Twilight of the Idols, ‘Reason’ In Philosophy, paragraph 5

Lost performative

All sentences that express a norm, rule, opinion or judgment without stating whose judgement, opinion, rule or norm it is, is a lost performative and is part of the metamodel. It is classified as a distortion of reality whereas one can, of course, also argue that it is a deletion. The word “lost” certainly suggests that.

Man as the measurer. – Perhaps all the morality of mankind has its origin in the tremendous inner excitement which seized on primeval men when they discovered measure and measuring, scales and weighing (the word ‘Mensch’, indeed, means the measurer, he desired to name himself after his greatest discovery!). With these conceptions they climbed into realms that are quite unmeasurable and unweighable but originally did not seem to be.
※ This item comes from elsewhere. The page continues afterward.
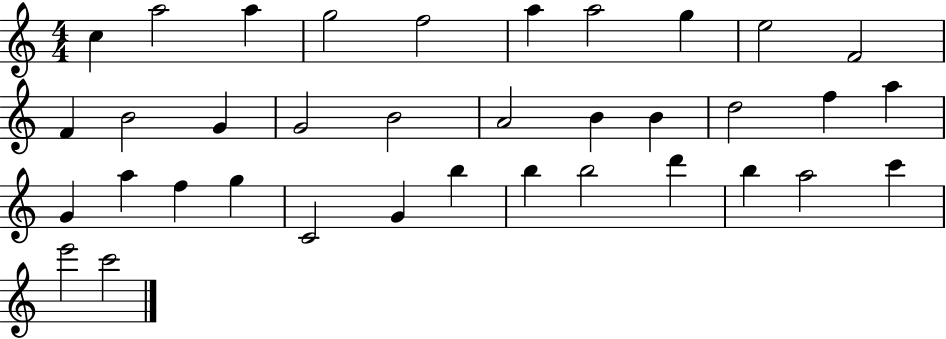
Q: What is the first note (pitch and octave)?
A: C5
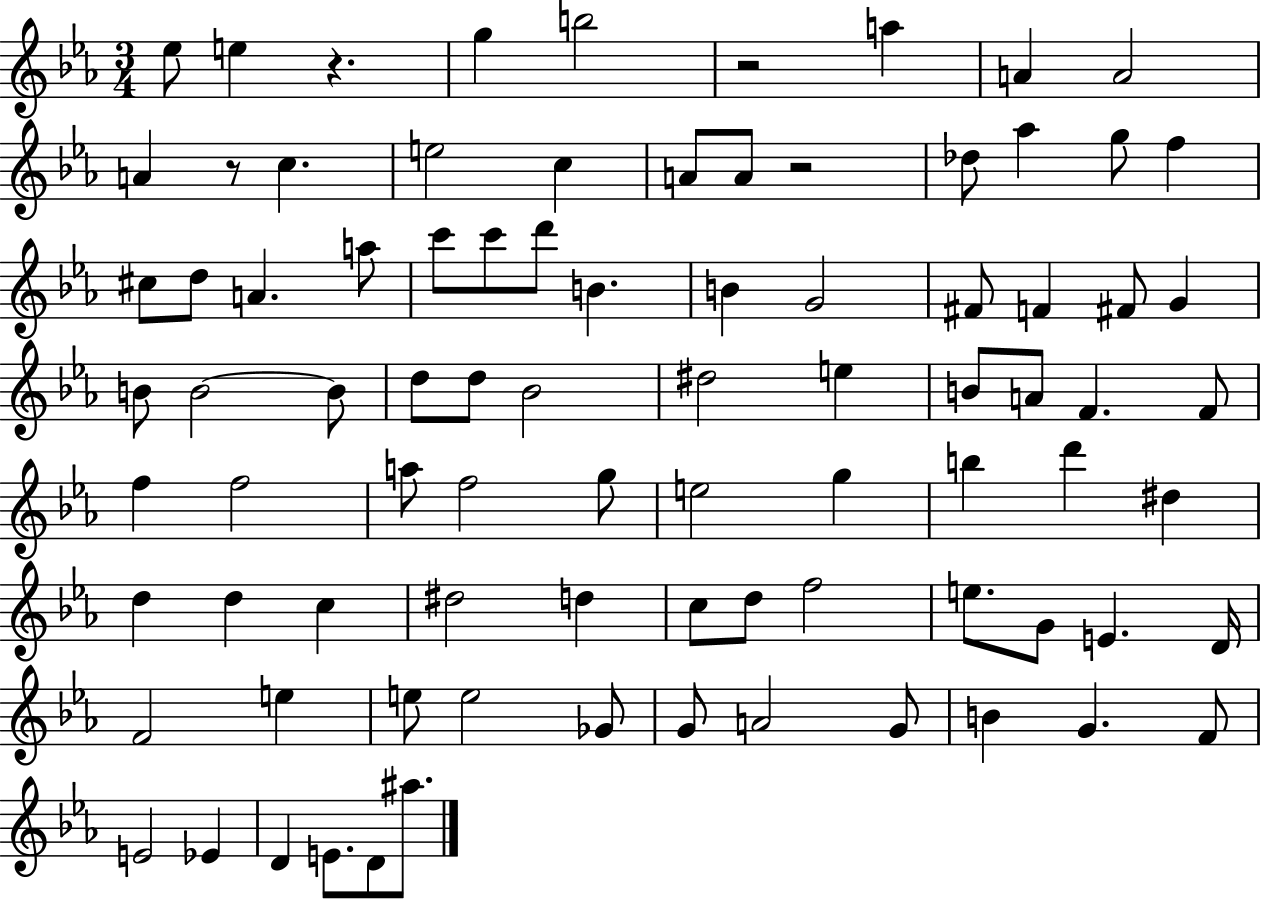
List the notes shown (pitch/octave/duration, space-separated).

Eb5/e E5/q R/q. G5/q B5/h R/h A5/q A4/q A4/h A4/q R/e C5/q. E5/h C5/q A4/e A4/e R/h Db5/e Ab5/q G5/e F5/q C#5/e D5/e A4/q. A5/e C6/e C6/e D6/e B4/q. B4/q G4/h F#4/e F4/q F#4/e G4/q B4/e B4/h B4/e D5/e D5/e Bb4/h D#5/h E5/q B4/e A4/e F4/q. F4/e F5/q F5/h A5/e F5/h G5/e E5/h G5/q B5/q D6/q D#5/q D5/q D5/q C5/q D#5/h D5/q C5/e D5/e F5/h E5/e. G4/e E4/q. D4/s F4/h E5/q E5/e E5/h Gb4/e G4/e A4/h G4/e B4/q G4/q. F4/e E4/h Eb4/q D4/q E4/e. D4/e A#5/e.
Human, All Too Human book 3, paragraph 21

Injustice necessary. – All judgments as to the value of life have evolved illogically and are therefore unjust. The falsity of human judgement derives firstly from the condition of the material to be judged, namely very incomplete, secondly from the way in which the sum is arrived at on the basis of this material, and thirdly from the fact that every individual piece of this material is in tum the outcome of false knowledge, and is so with absolute necessity. Our experience of another person, for example, no matter how close he stands to us, can never be complete, so that we would have a logical right to a total evaluation of him; all evaluations are premature and are bound to be. Finally, the standard by which we measure, our own being, is not an unalterable magnitude, we are subject to moods and fluctuations, and yet we would have to know ourselves as a fixed standard to be able justly to assess the relation between ourself and anything else whatever. Perhaps it would follow from all this that one ought not to judge at all; if only it were possible to live without evaluating, without having aversions and partialities! – for all aversion is dependent on an evaluation, likewise all partiality. A drive to something or away from something divorced from a feeling one is desiring the beneficial or avoiding the harmful, a drive without some kind of knowing evaluation of the worth of its objective, does not exist in man. We are from the very beginning illogical and thus unjust beings and can recognize this: this is one of the greatest and most irresolvable discords of existence.

Human, All Too Human Part 1, paragraph 32

Love

One of Richard Bandler’s favorite sayings is: “Freedom is everything and love is all the rest.” These are the two values of NLP: freedom and love.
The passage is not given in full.